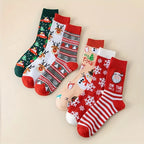 Women's Christmas Socks – Santa, Reindeer, Snowman (5/10 Pairs) Holiday Novelty Socks Richie's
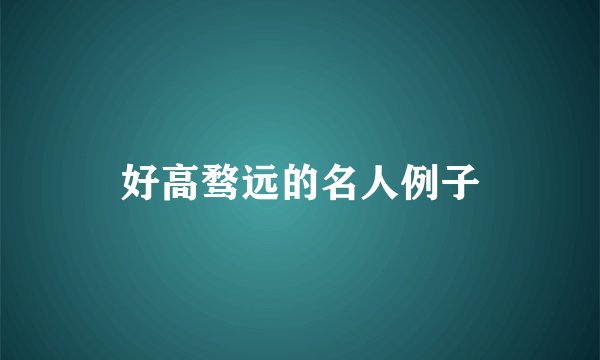 好高骛远的名人例子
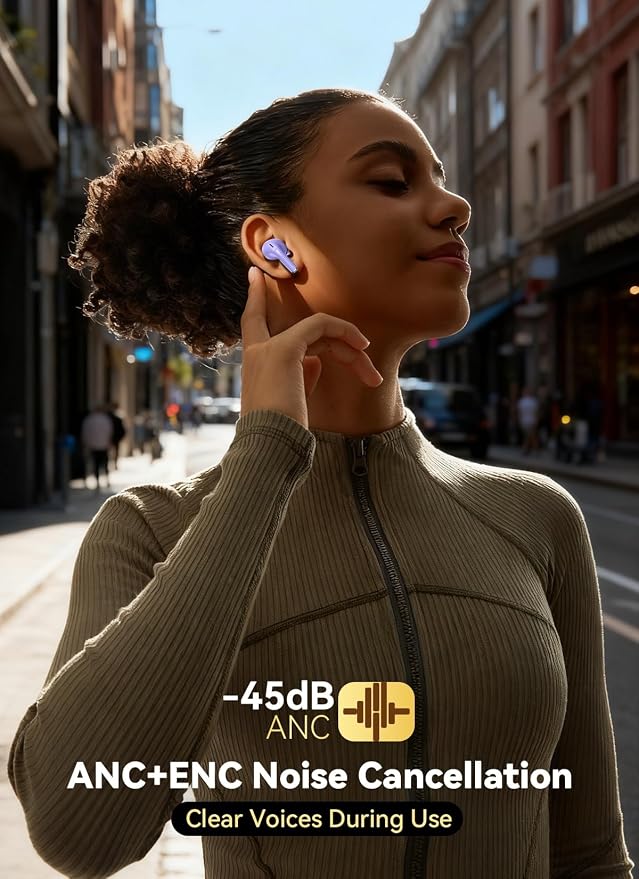 Bucephalus Wireless Earbuds, Ear Buds Active Noise Cancelling with Smart Charging Case, Bluetooth 5.4 Headphones, 48H Playtime & Bass Stereo Sound, Compatible with iPhone, Android, Pad - Aurora Purple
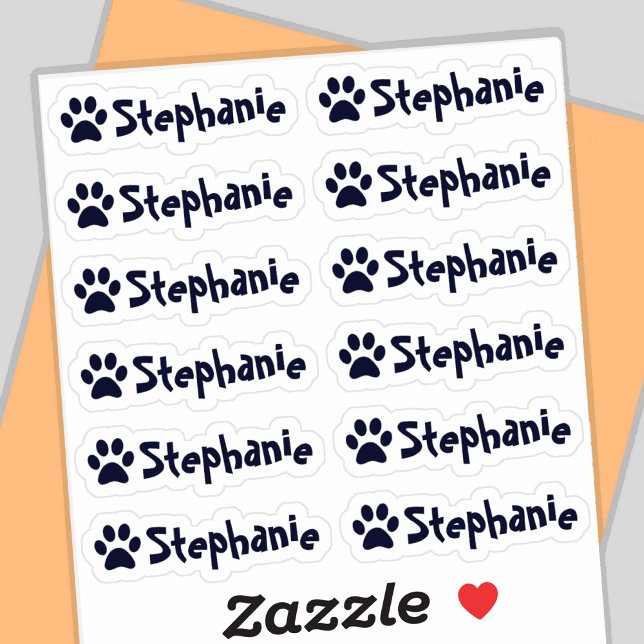 Nom d'Empreinte de patte personnalisé Étiquettes E (Paw print name labels - set of 12 🐾)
● ● ● ● ● ● ●
## Work to be completed
Leave out the pictures, then return every line of the data exactly.

## Answer space
 Women's Christmas Socks – Santa, Reindeer, Snowman (5/10 Pairs) Holiday Novelty Socks Richie's
 好高骛远的名人例子
 Bucephalus Wireless Earbuds, Ear Buds Active Noise Cancelling with Smart Charging Case, Bluetooth 5.4 Headphones, 48H Playtime & Bass Stereo Sound, Compatible with iPhone, Android, Pad - Aurora Purple
 Nom d'Empreinte de patte personnalisé Étiquettes E (Paw print name labels - set of 12 🐾)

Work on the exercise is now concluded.